MAKE THAT ‘FINAL DECISION’ A ‘NO’…. I can only assume that this was one of many ideas that was just thrown out during a brainstorming session, and will not be seriously considered by the administration. Because if officials have really put this on the table, they should take it off the table as quickly as possible.

Veterans Affairs Secretary Eric Shinseki confirmed Tuesday that the Obama administration is considering a controversial plan to make veterans pay for treatment of service-related injuries with private insurance, but was told by lawmakers that it would be “dead on arrival” if sent to Congress.

Washington Sen. Patty Murray used that blunt terminology, telling Shinseki that the idea would not be acceptable and would be rejected if formally proposed. She made the remarks during a Senate Committee on Veterans Affairs hearing about the 2010 budget.

No official proposal to create such a program has been announced publicly, but veterans groups wrote a pre-emptive letter last week to President Obama opposing the idea after hearing the plan was under consideration. The groups also noticed an increase in “third-party collections” estimated in the 2010 budget proposal — something they said could only be achieved if the VA started billing for service-related injuries.

Shinseki told senators, “A final decision hasn’t been made yet.” Here’s hoping it doesn’t take too long for officials to realize how obvious the answer is. I’m not even sure why it would be under consideration, and Shinseki didn’t offer any light on the subject.

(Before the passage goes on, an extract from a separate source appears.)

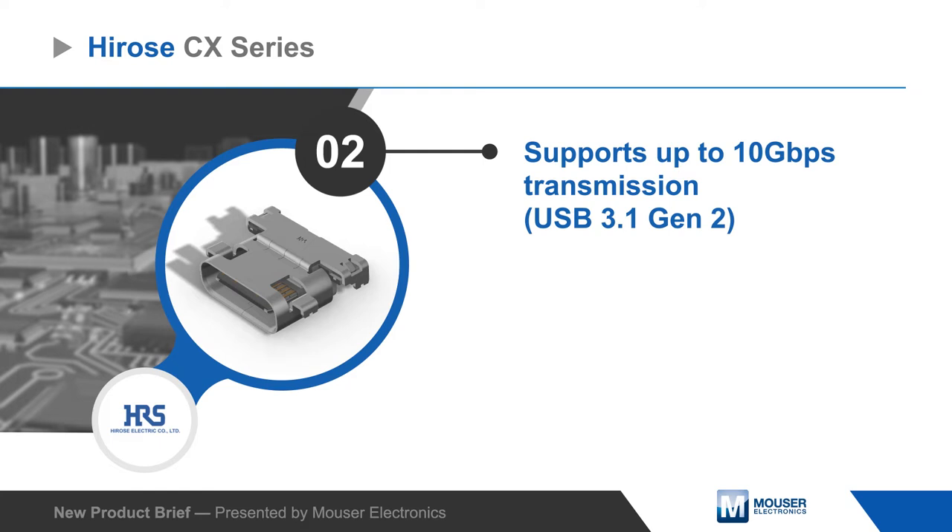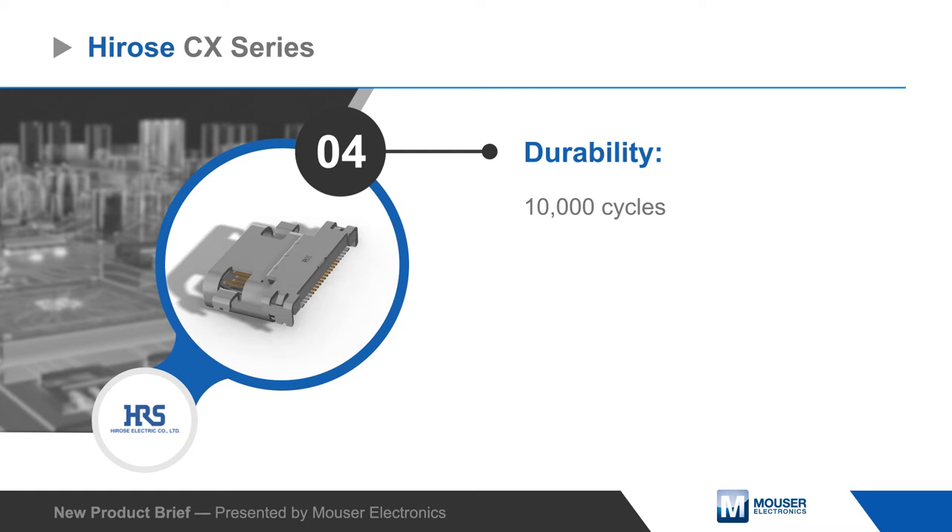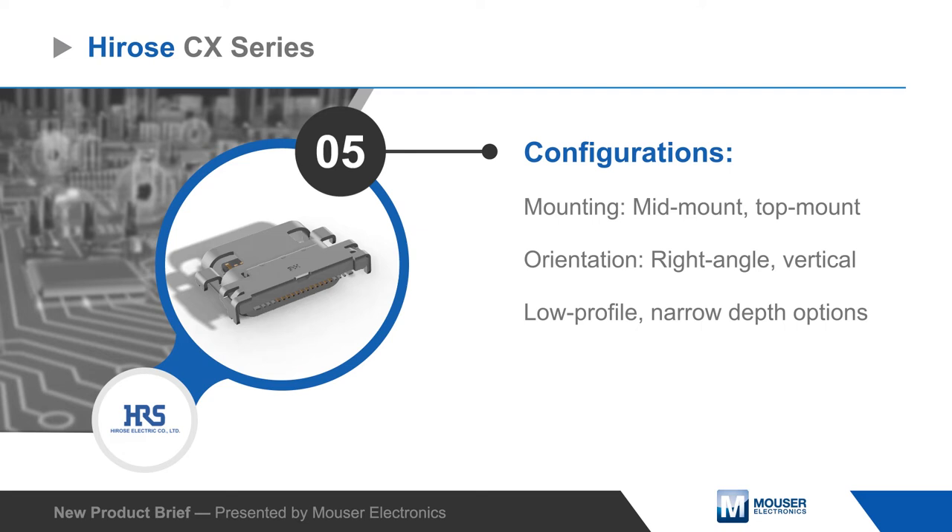The CX Series supports transmission rates up to 10 gigabits per second and current up to 6 amps. The connectors are rated for 10,000 cycles, feature a clear tactile click when mating, a friction lock with excellent retention, and mounting posts for improved board retention.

Brian Beutler took a step back and added a very good point:

Imagine that the administration’s greater health care plan contained something — a subsidy perhaps — for retired veterans who buy private insurance, such that they’ll pay no more out of pocket for treatment under the new system than they would have in the past. That’s at least a theoretical possibility, but even if it were, the plan would be dead on arrival. Why? Because veterans know what congressmen know what we all know, that private health insurance, particularly on the individual market, usually sucks. Indeed, it’s typically worse than veterans need and deserve.

But there are plenty of honorable people in America who aren’t veterans (or government employees) and yet many of the very same people who loudly oppose this ambiguous plan as an abuse of our veterans would be perfectly happy to see all other Americans forced into such a system. Because America’s not ready for single payer universal health care, unless it’s for veterans.

Good point. Veterans receive some of the best health care available in America through the VA. And guess what? It’s a “socialized,” government-run bureaucracy.